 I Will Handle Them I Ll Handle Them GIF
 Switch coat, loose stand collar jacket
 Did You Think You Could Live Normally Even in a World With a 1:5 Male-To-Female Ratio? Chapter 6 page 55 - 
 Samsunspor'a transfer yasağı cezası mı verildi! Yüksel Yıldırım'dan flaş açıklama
---
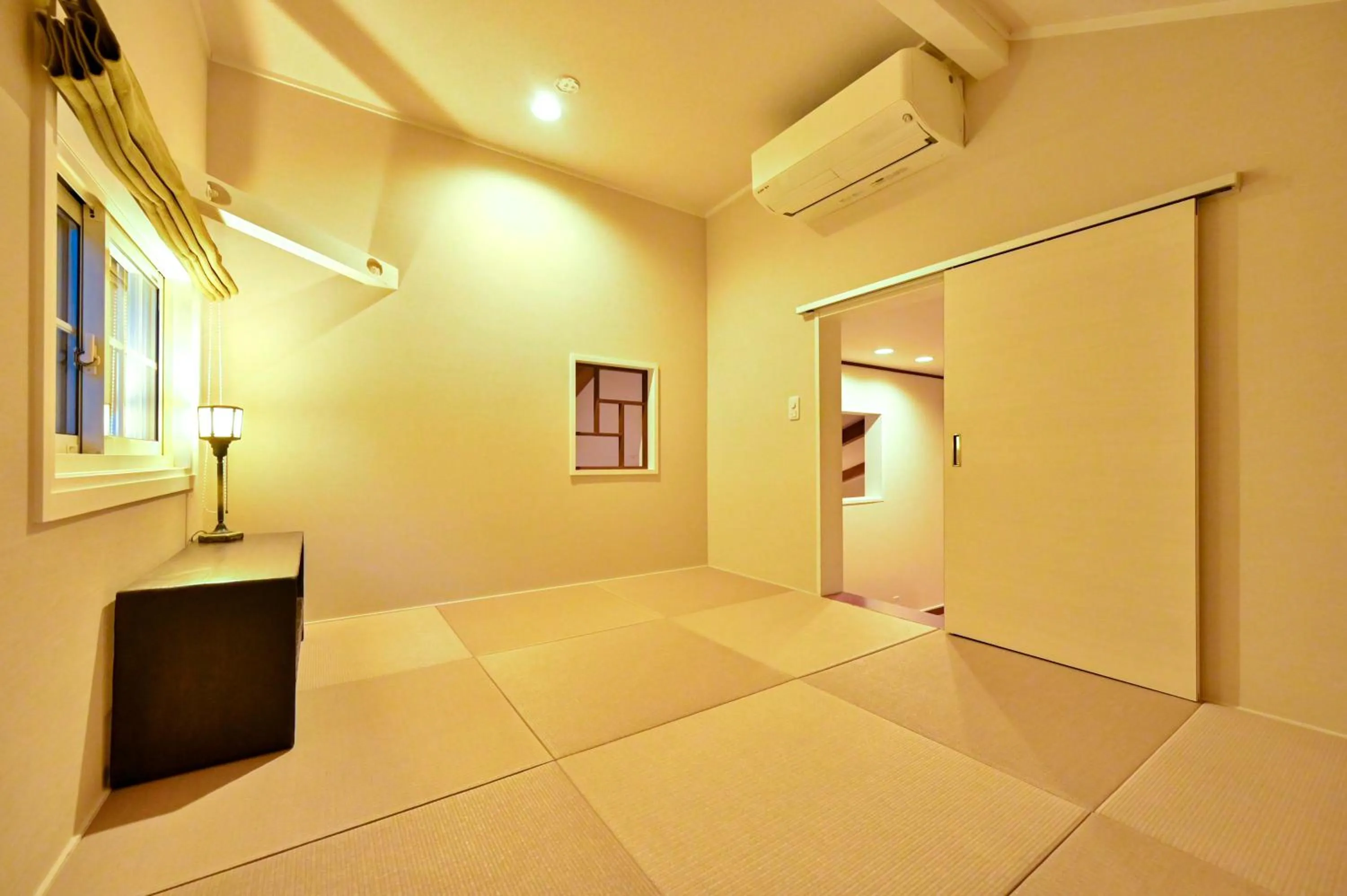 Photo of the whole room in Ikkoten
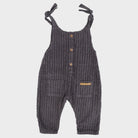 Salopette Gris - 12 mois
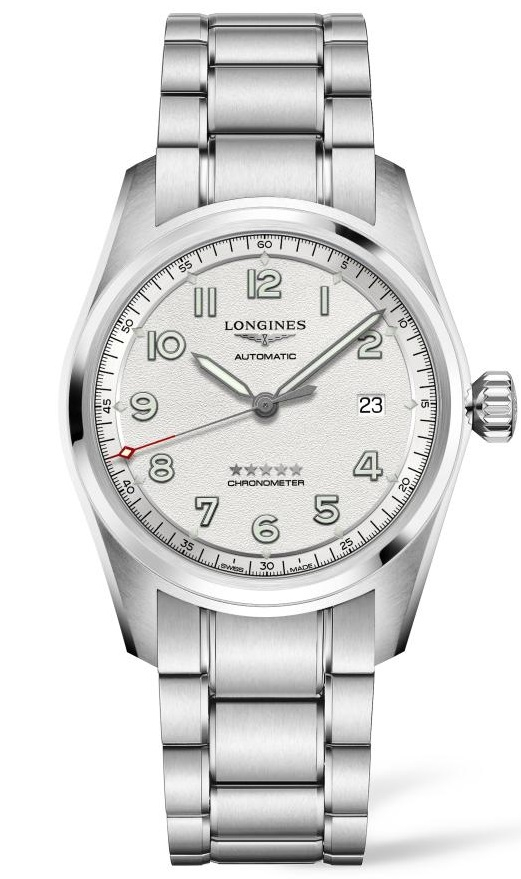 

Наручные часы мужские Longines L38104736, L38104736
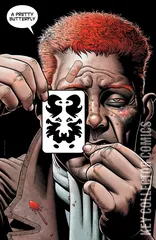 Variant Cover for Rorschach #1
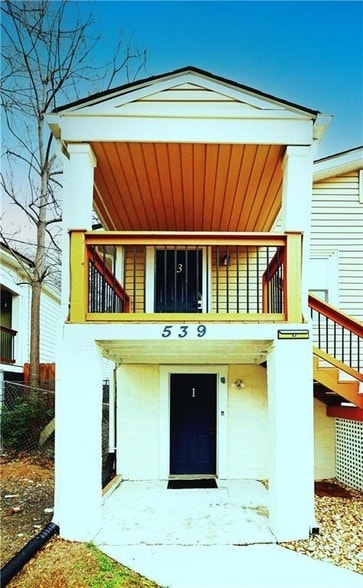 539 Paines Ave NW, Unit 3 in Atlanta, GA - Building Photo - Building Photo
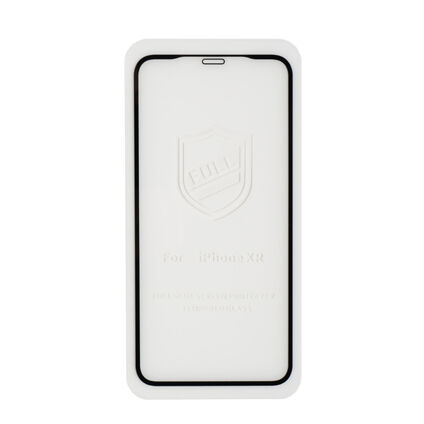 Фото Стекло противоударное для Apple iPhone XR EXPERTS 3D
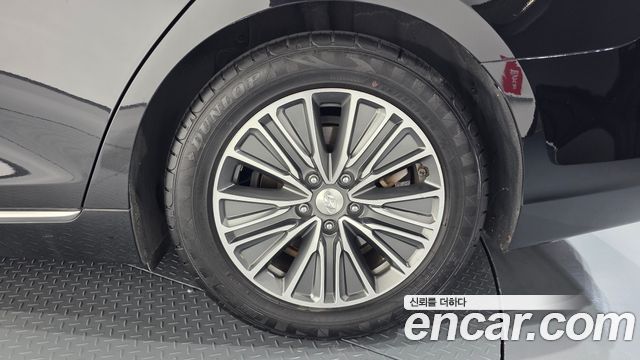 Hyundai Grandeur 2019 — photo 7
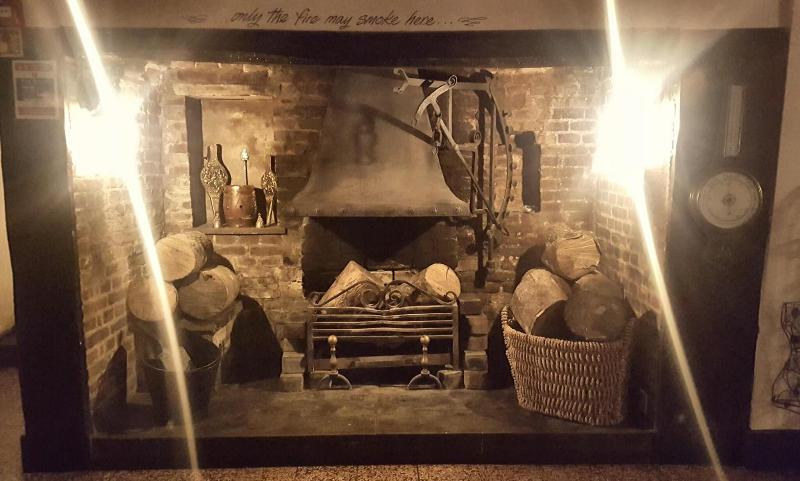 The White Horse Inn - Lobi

• **AIM OF THE TASK**
In the entries above, one line contains "I Will Handle Them I Ll Handle Them GIF" and another contains "Did You Think". Reproduce exactly those two lines and the lines between them, nothing else.

• **TASK SOLUTION**
 I Will Handle Them I Ll Handle Them GIF
 Switch coat, loose stand collar jacket
 Did You Think You Could Live Normally Even in a World With a 1:5 Male-To-Female Ratio? Chapter 6 page 55 - 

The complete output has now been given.